You’ll notice on the back of your program the words to “Hark the Herald Angels Sing.” We are going to sing this together as we give the orchestra a chance to find seats in the auditorium. This would also be a good time to make sure you don’t have any potentially embarrassing disturbances on your person – like cell phones, watch alarms, or crying children – that may go off in the next hour or so. So let’s stand together and sing the carol “Hark the Herald Angels Sing.”
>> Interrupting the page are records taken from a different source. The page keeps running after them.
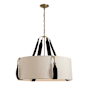 Hubbardton Forge Saratoga 4 Light 32" Wide Pendant Antique Brass / Beige / Dark Brown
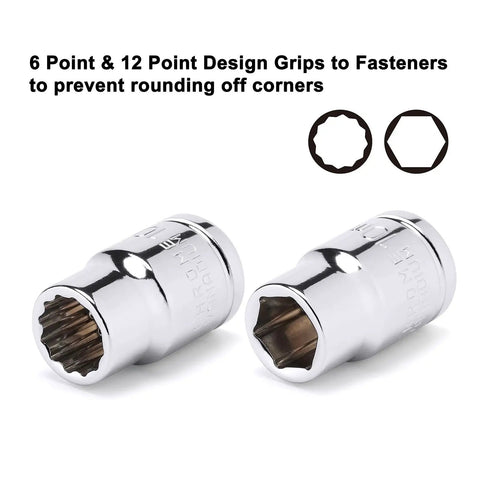 Impact Socket Set With One Quarter Inch And Three Eighths Inch Drives, Deep And Shallow Sockets, 10mm Metric, Mirror Chrome Finish, 6 Point And 12 Point Design, Laser Etched And Roll Stamped For Easy Identification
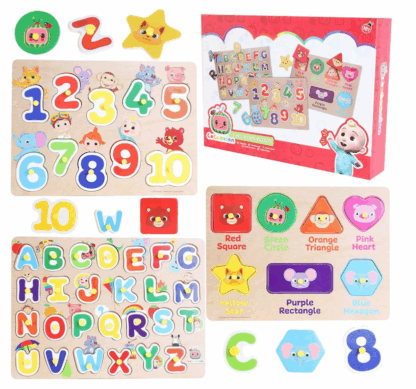 Toyland® Cocomelon 3er-Pack Steckbrett-Puzzles aus Holz – Lernpuzzles für Kinder – Kleinkinderspielzeug – Alter 18 Monate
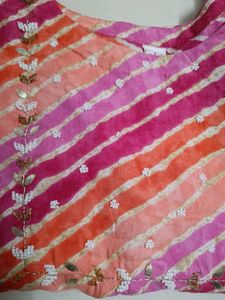 Handwork Lehriya Kurti With Pant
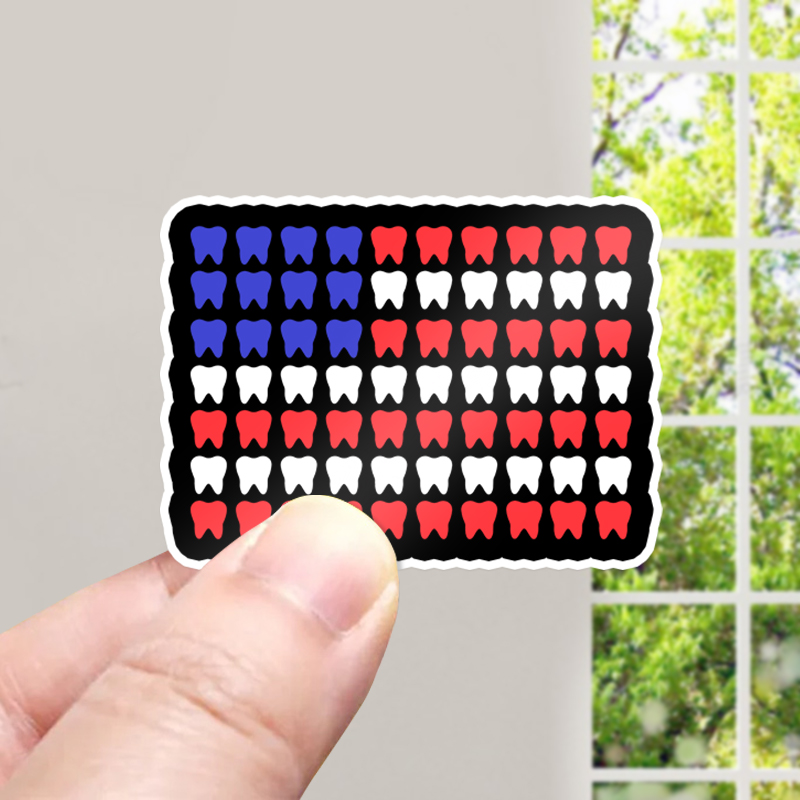 4Th Of July Hygienist Patriotic Tooth Stickers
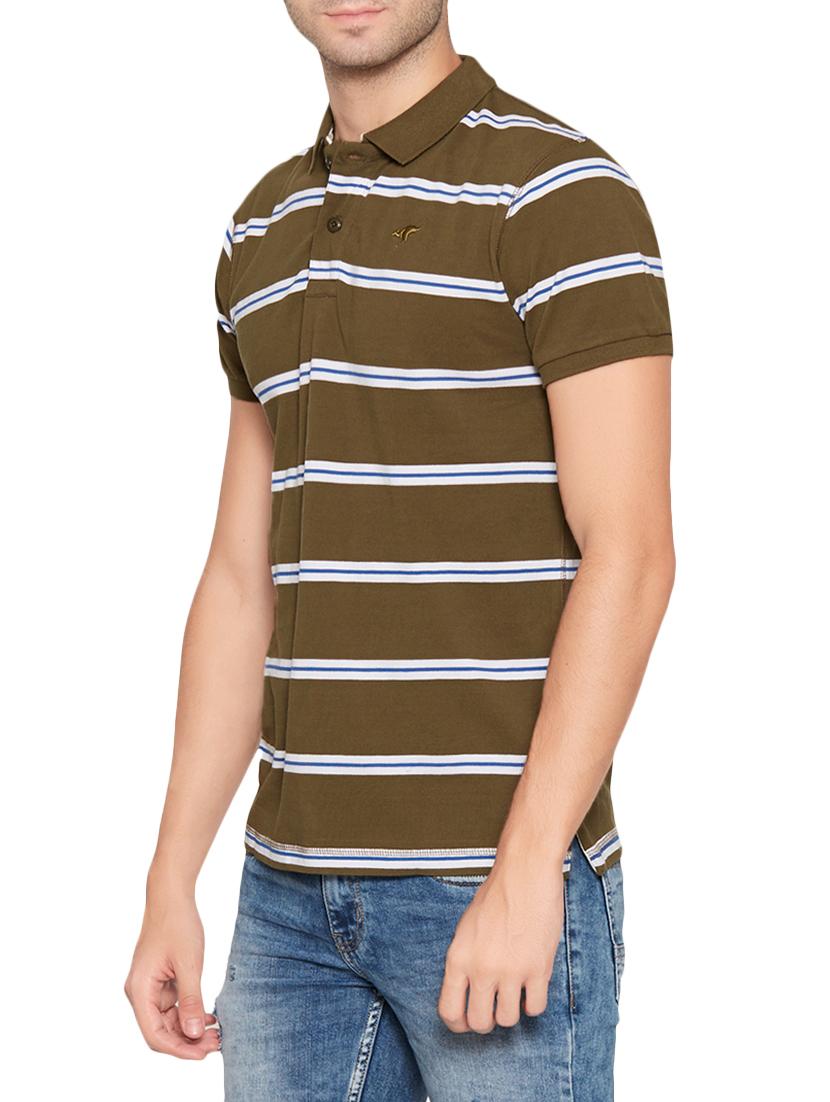 brown cotton striped t-shirt - 13747806 - Standard Image - 1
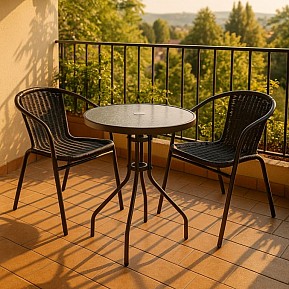Balkonový set z vyplétaného polyratanu 2 židle a stůl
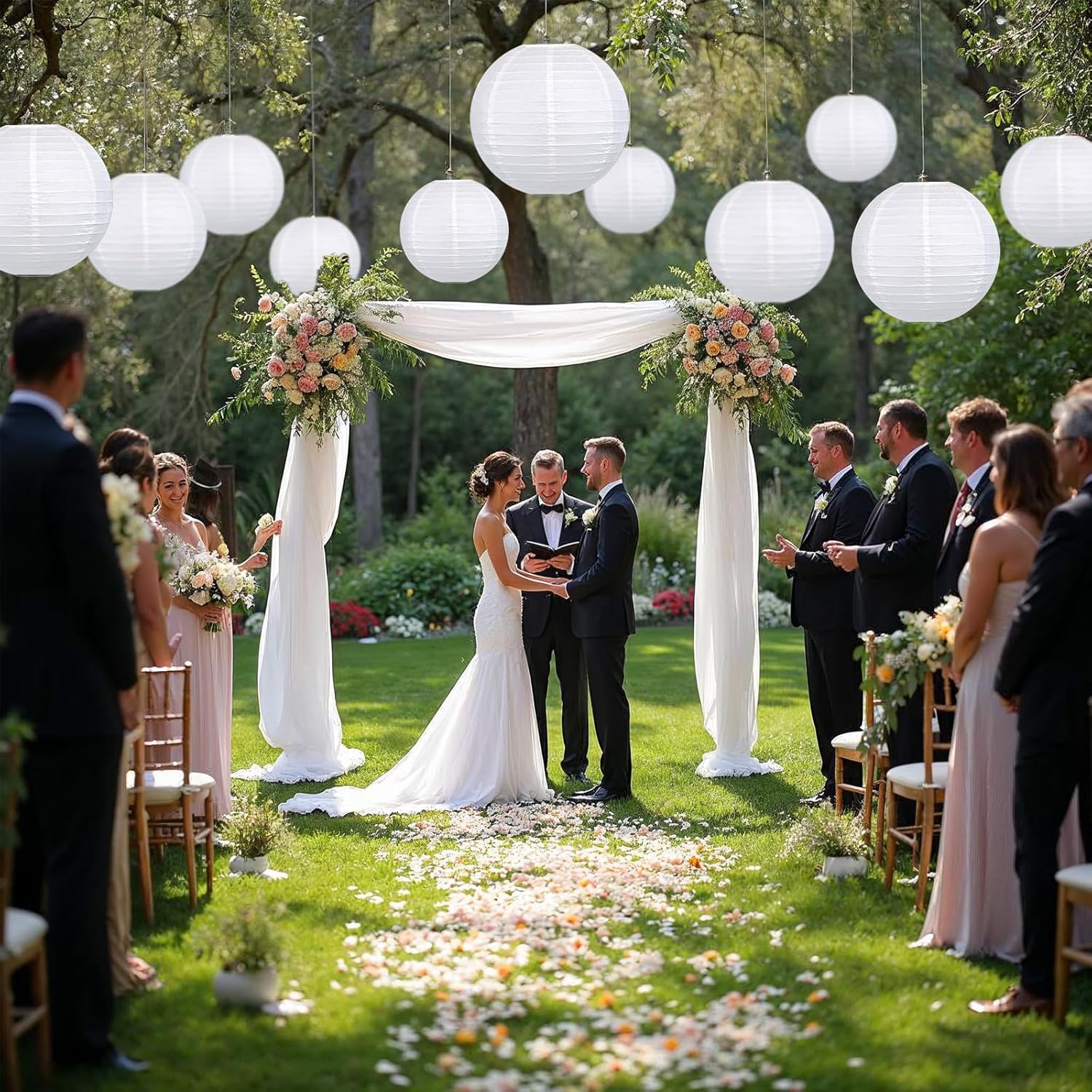 LIHAO 12 Inch White Round Paper Lanterns (10 Pack) - Image 3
Hark the Herald Angels Sing
You would think that at the birth of a king the entire world would celebrate. Yet, when Christ was born, there wasn’t any room for him anywhere. His parents had to lay him in a manger in a stable. Our ladies trio is going to sing “Thou Didst Leave Thy Throne,” which reminds us that it was the King of Heaven Who was born with no room for Him, and will someday return as a victorious ruler. Then the male octet will sing the Negro spiritual, “Go Tell It on the Mountain.” This rhythmic tune takes up the message of the shepherds who first heard of Christ’s birth from the angels, went to see the newborn babe and then spread the word abroad of God’s kindness to mankind. Then we’ll hear our woodwind/violin ensemble play the “Carol of the Bells.”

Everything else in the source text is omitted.